そこには福田靖による脚本の魅力も大きいという。比嘉は過去にも『DOCTORS~最強の名医~』(テレビ朝日系)シリーズなどで、福田脚本を経験している。「毎回素晴らしいなと感じていたのですが、本作は読んでいるだけで、勝手に体が動いてしまうというか、どんどん想像力が湧いてきて『こうしてみたい』と自然に思えるんです」と明かす。さらに、桐谷や東出らと現場でセッションすることで、イメージが膨らんでいくという。
比嘉自身、出来上がった作品を観て「決して狙っているわけではないのですが、現場での雰囲気がいいので、ものまねなどいろいろとチャレンジしていますが、やりすぎていないかなと思うこともあります」と照れ笑い。そんな比嘉のチャレンジを桐谷らも「どんどん来い!」と頼もしく受け止めてくれているという。「自分がここまでかなと思っていた枠を壊してもらえるというか、こんなこともできるんだ、と新たな自分を発見できるので、とても楽しいんです」と目を輝かせる。
■ デビュー15年で役柄にも変化 新たなチャレンジに意欲
2005年に映画『ニライカナイからの手紙』でデビュー以来、女優として15年近くの歳月が流れた。その間にはNHK連続テレビ小説でのヒロインをはじめ、『コード・ブルー -ドクターヘリ緊急救命-』(フジテレビ系)シリーズなど、映画やドラマの出演が途切れることなく続いている。そんななか、本作でのコミカルな役をはじめ、昨年はドラマ『TWO WEEKS』(カンテレ・フジテレビ系)で母親役を務めるなど、役柄にも変化が見られる。 「20代に築き上げてきた経験や出会いは、とてもありがたく、私にとっての大きな基礎になっていますが、30代に入ったとき一度まっさらにして、また一から新たなチャレンジをしていきたい、とマネージャーさんと話していたんです。
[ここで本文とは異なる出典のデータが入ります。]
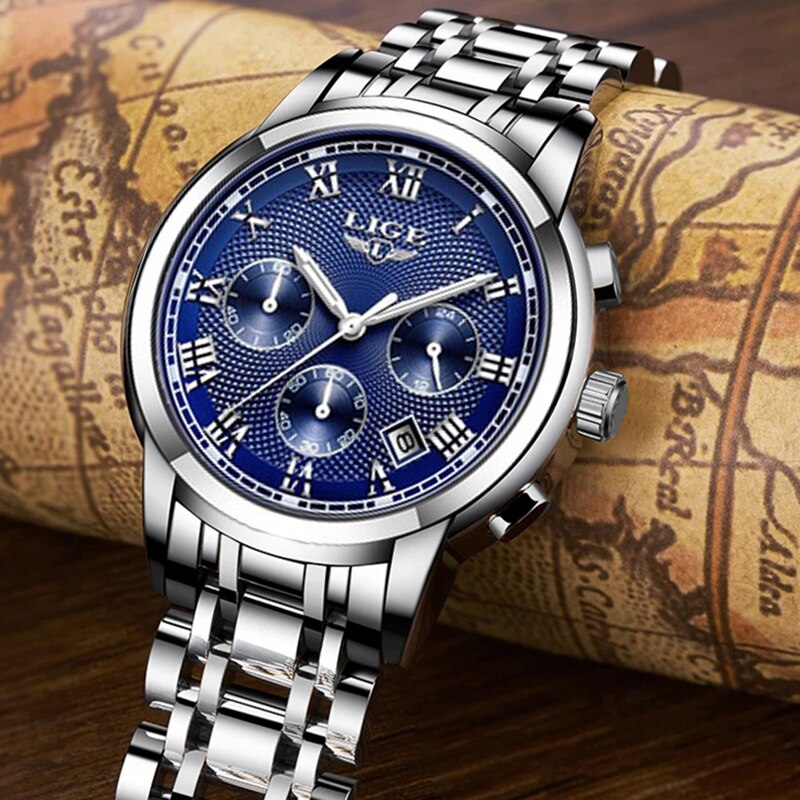 LIGE  Men&#39;s Watch Big Dial Stainless Steel Band Date Mens Business Male Watches Waterproof Luxuries Men Wrist Watches for Men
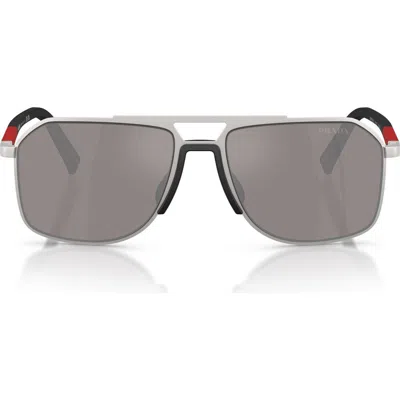 Prada Linea Rossa 56mm Pilot Sunglasses In Gray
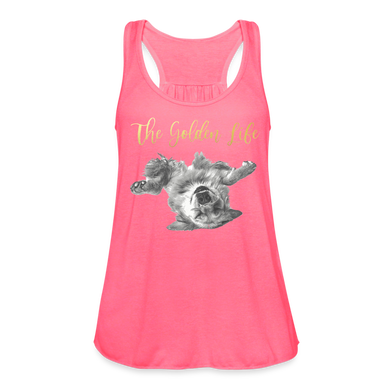 The Golden Life - Women's Flowy Tank Top by Bella - neon pink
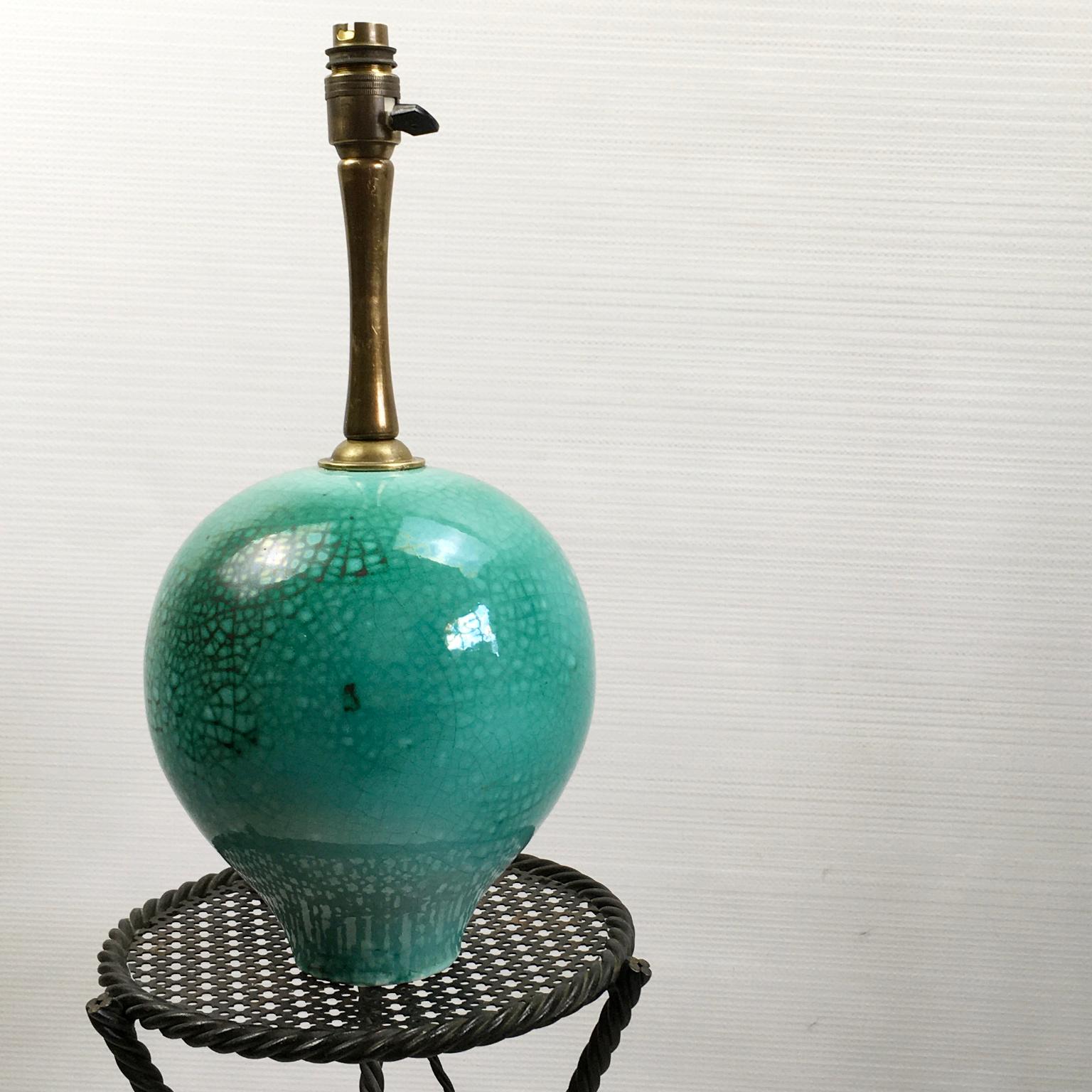 1930s Primavera Green Glazed and Cracked Ceramic Table Lamp In Good Condition For Sale In London, GB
いまはどんどんいろいろな役にチャレンジしたいという気持ちが強いです」。
実際、『TWO WEEKS』で演じた母親役も、演じる前は不安な部分も多かったというが「演じてみると『私にもこんなに母性があったのか』と感じられたんです」と新しい発見があったという。もともと役者という仕事に対して「資格があるわけでもなく、よく『役者とは何なのか』と考えるのですが、結局は答えが分からない」と胸中を明かすと「役によって何にでもなれるのが役者。自分を決めつけず、求めていただけるものに100%、200%で応えていきたいと思うようになったんです」と意欲を見せる。
■ “新人でもなくベテランでもない30代”だからこそ「柔軟でいたい」
求められるために「柔軟性を持つように心がけている」と語った比嘉。「30代って新人でもなく、ベテランでもない。周りの方からも、ある意味で悩まされる時期だとお聞きしますが、だからこそ、あまり凝り固まった意識を持たず、幅を持たせて柔軟でいたい。流されるのではなく、意志を持って流れていくような…」と理想形を表現すると「見せかけではごまかせなくなってきた年齢。
その意味で、本作は“柔軟性”が存分に発揮できる現場だという。「本当に感謝しかないです」と笑顔を見せ、「30代というのはどっちつかずで苦しい時期と言われていますが、いまはものすごく充実して楽しいです。特にこのドラマと出会えたことで『女優業はやめられないな』と感じられました。最後まで思う存分楽しもうと思っています」と作品への没頭を誓っていた。(取材・文:磯部正和 写真:松林満美)
ドラマ『ケイジとケンジ 所轄と地検の24時』はテレビ朝日系にて毎週木曜21時放送。